Parmi la demi-douzaine de femmes réunies devant leur bâtiment, nombreuses sont celles qui se sont vues y passer. “Imaginez si le feu avait pris dans un étage plus bas, ou pendant la nuit ! Il y aurait eu encore plus de morts !”, pointe Cannelle, du quatrième étage. Aïcha, elle, n’a pas besoin d’imaginer. La main encore dans des bandages, elle raconte avoir cru perdre sa mère. “Ma mère a subi une opération récemment et souffre d’arthrose aux genoux. Elle ne peut même pas enjamber une baignoire, alors vous imaginez une échelle… Les pompiers ont dû rentrer pour éteindre le feu dans notre salon. Mais avant ça, elle m’a dit “Je ne sais pas si je pourrai descendre… J’ai vraiment cru qu’elle allait mourir devant moi”” raconte la vingtenaire, maillot de foot rose de la Juventus sur les épaules.

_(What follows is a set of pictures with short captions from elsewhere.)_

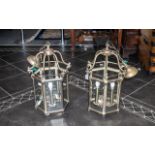 A Pair of Reproduction Brass Hanging Lanterns Electrified with Bevel glass panels in the traditional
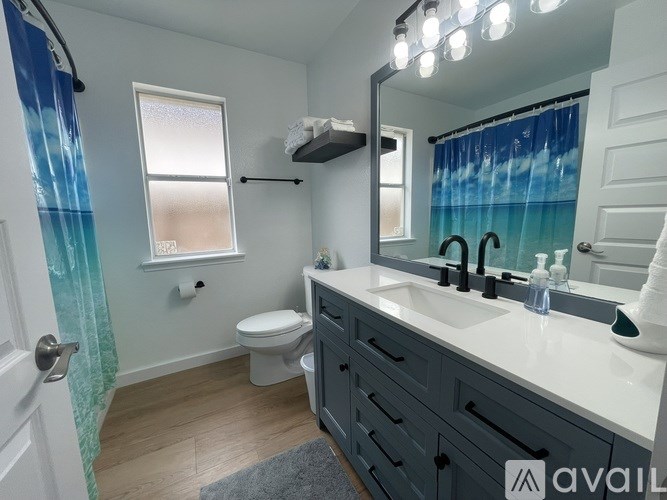 A bathroom with a toilet, sink, and mirror.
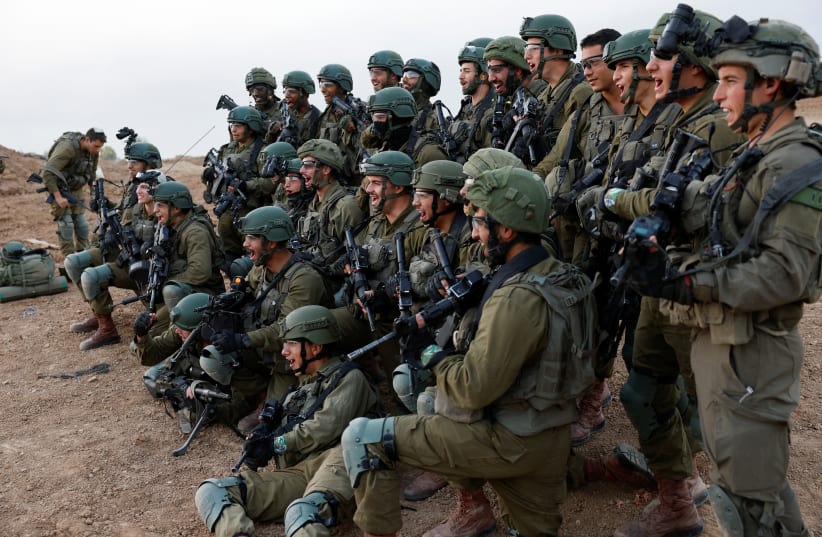  Soldados de las FDI reaccionan mientras posan para una foto de grupo, en medio de la guerra en curso entre Israel y el grupo terrorista palestino Hamás, cerca de la frontera de Israel con Gaza, en el sur de Israel, 4 de diciembre de 2023. (photo credit: AMIR COHEN/REUTERS)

Comme Aïcha, ils sont plusieurs à s’estimer trop choqués pour vouloir revenir vivre dans cette tour. “Ma mère est tellement traumatisée qu’elle veut quitter la ville”, raconte Mélissa, la vingtaine. “Mon fils a vu le corps de la femme qui s’est défenestrée. Il n’a pas voulu revenir à la cité depuis” témoigne encore Brigitte. Une cellule de soutien psychologique a été mise en place au gymnase qui accueille les sinistrés.

Logements détériorés

Au-delà de ce terrible incendie de samedi, les locataires dénoncent une cité qui s’est largement dégradée avec le temps. “Depuis l’incendie de 2021, les fenêtres dans les parties communes ont explosé et n’ont pas été remplacées. Donc l’hiver, le froid pénètre dans les appartements”, indique Mélissa. Depuis plusieurs années, seul l’ascenseur desservant les étages impairs fonctionne, poursuit une autre. “Ça va faire trois ans que je n’utilise plus l’ascenseur, tellement je suis restée coincée dedans !”, affirme encore Aïcha, qui habitait au dixième étage. “Les volets à manivelle ne marchent pas dans beaucoup d’appartements ! Si ça se trouve, certains sont morts à cause de ça !”, rajoute Cannelle. D’autres évoquent la présence de punaises, et même de rats.

En principe, la cité Maurice Thorez devrait connaître de grands travaux de rénovation à partir de 2025. Après le drame, Mohamed Gnabaly, le maire (SE) de la ville a néamoins appelé Seine-Saint-Denis Habitat à accélérer le début des ouvrages. “Nous avons entendu la demande du maire”, répond Cécile Mage. “Mais ce type de projet demande d’abord des mois d’études avant d’être lancé. Donc même si nous avançons le début de la mission, nous ne gagnerons au mieux que quelques mois.”